Comment by alansaber

3 days ago

I think not if only for the fact that the quantity of old data isn't enough to train anywhere near a SoTA model, until we change some fundamentals of LLM architecture

Are you saying it wouldn't be able to converse using english of the time?

  • Machine learning today requires an obscene quantity of examples to learn anything.

    SOTA LLMs show quite a lot of skill, but they only do so after reading a significant fraction of all published writing (and perhaps images and videos, I'm not sure) across all languages, in a world whose population is 5 times higher than the link's cut off date, and the global literacy went from 20% to about 90% since then.

    Computers can only make up for this by being really really fast: what would take a human a million or so years to read, a server room can pump through a model's training stage in a matter of months.

    When the data isn't there, reading what it does have really quickly isn't enough.
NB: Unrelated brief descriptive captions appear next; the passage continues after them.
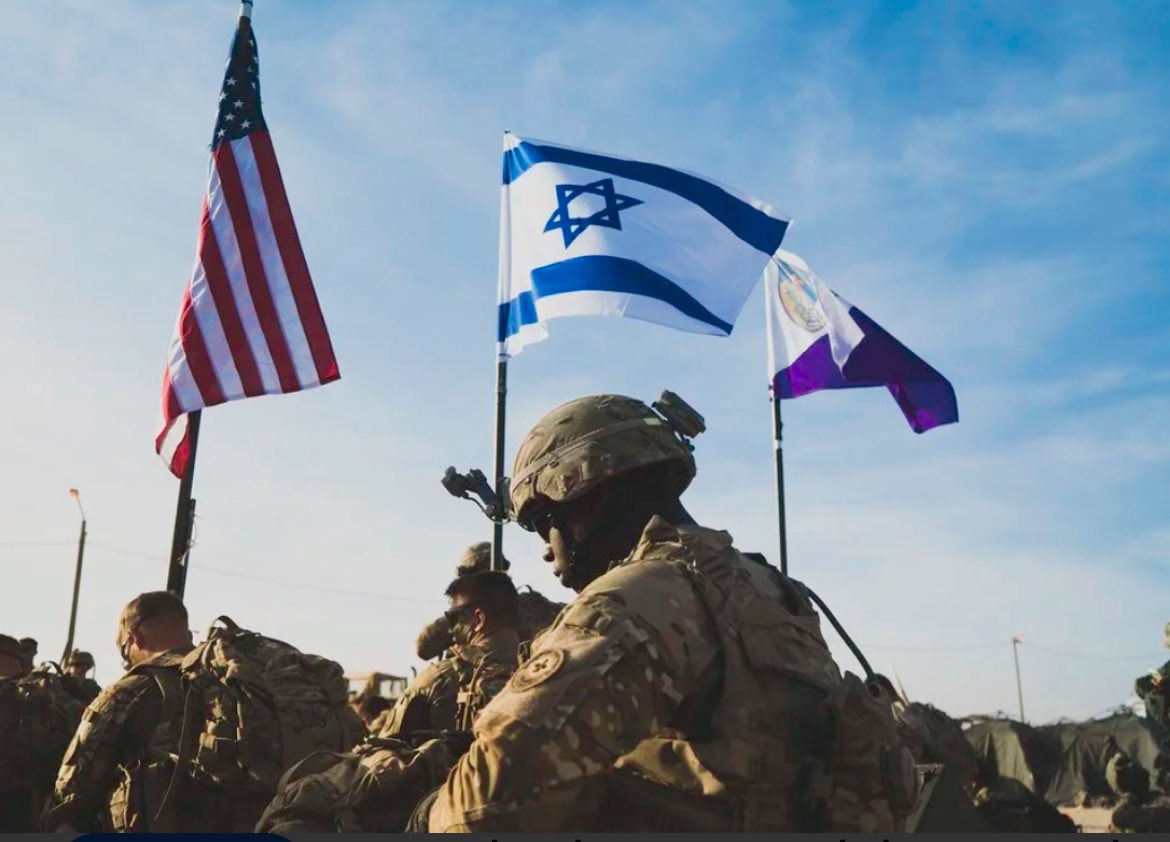 Vivid.🇮🇱 tweet media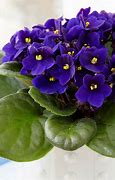 Image result for African Violet Indoor Flowering Plants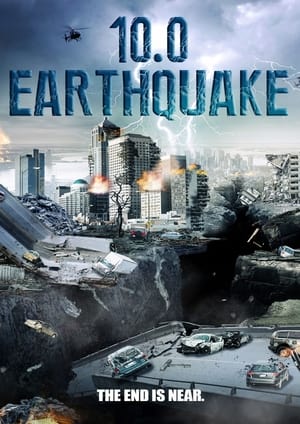 10.0 Earthquake 2014 Hindi Dual Audio [800MB] HD Poster Download - Filmyzilla
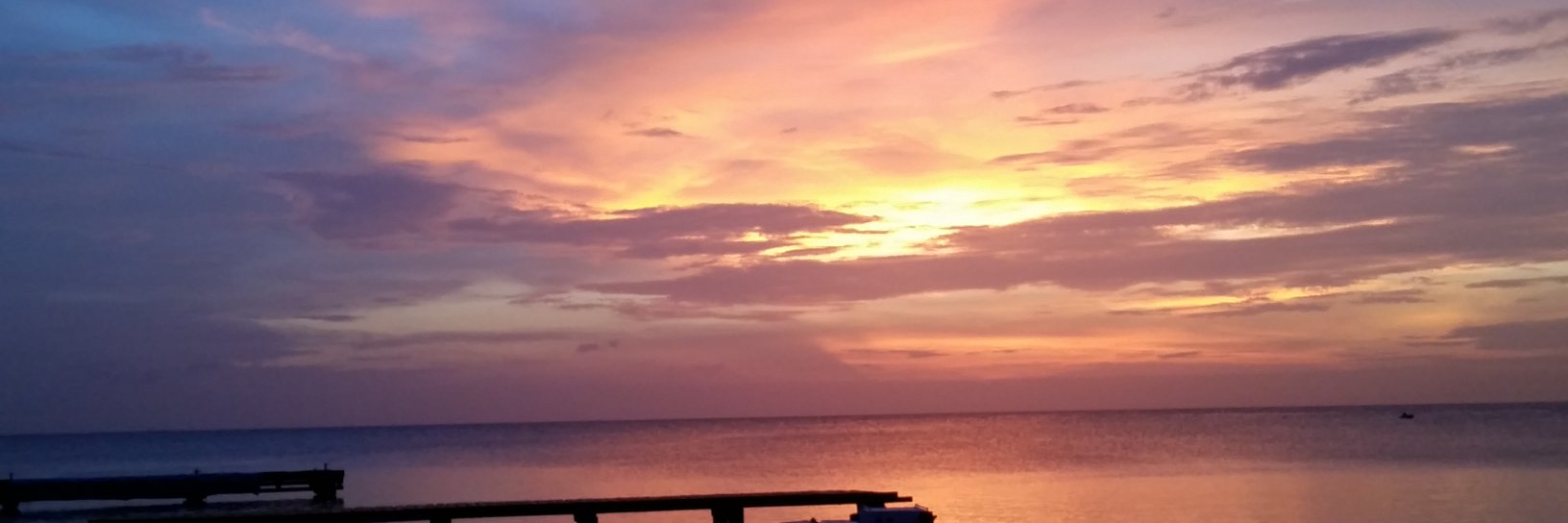 LexiLou94's profile banner image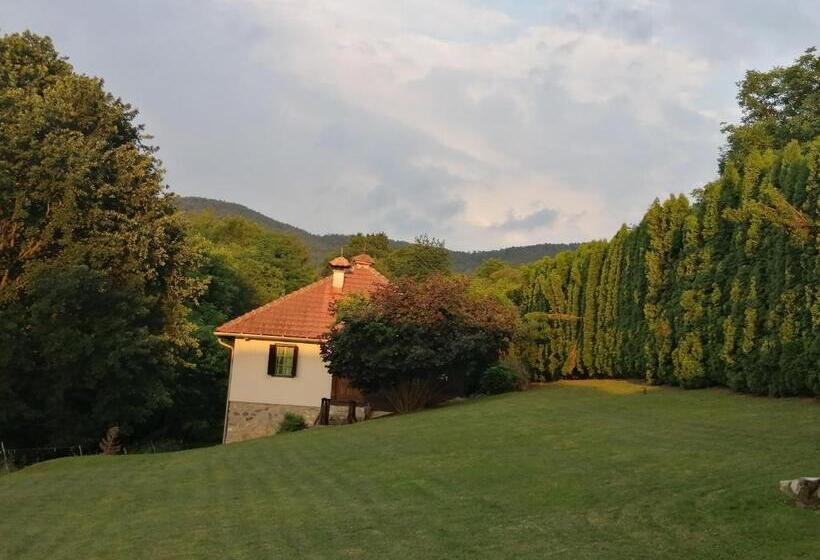 تختخواب و صبحانه Terzica Avlija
  • That's not what they are saying. SOTA models include much more than just language, and the scale of training data is related to its "intelligence". Restricting the corpus in time => less training data => less intelligence => less ability to "discover" new concepts not in its training data

    • Could always train them on data up to 2015ish and then see if you can rediscover LLMs. There's plenty of data.

I mean, humans didn't need to read billions of books back then to think of quantum mechanics.

  • Which is why I said it's not impossible, but current LLM architecture is just not good enough to achieve this.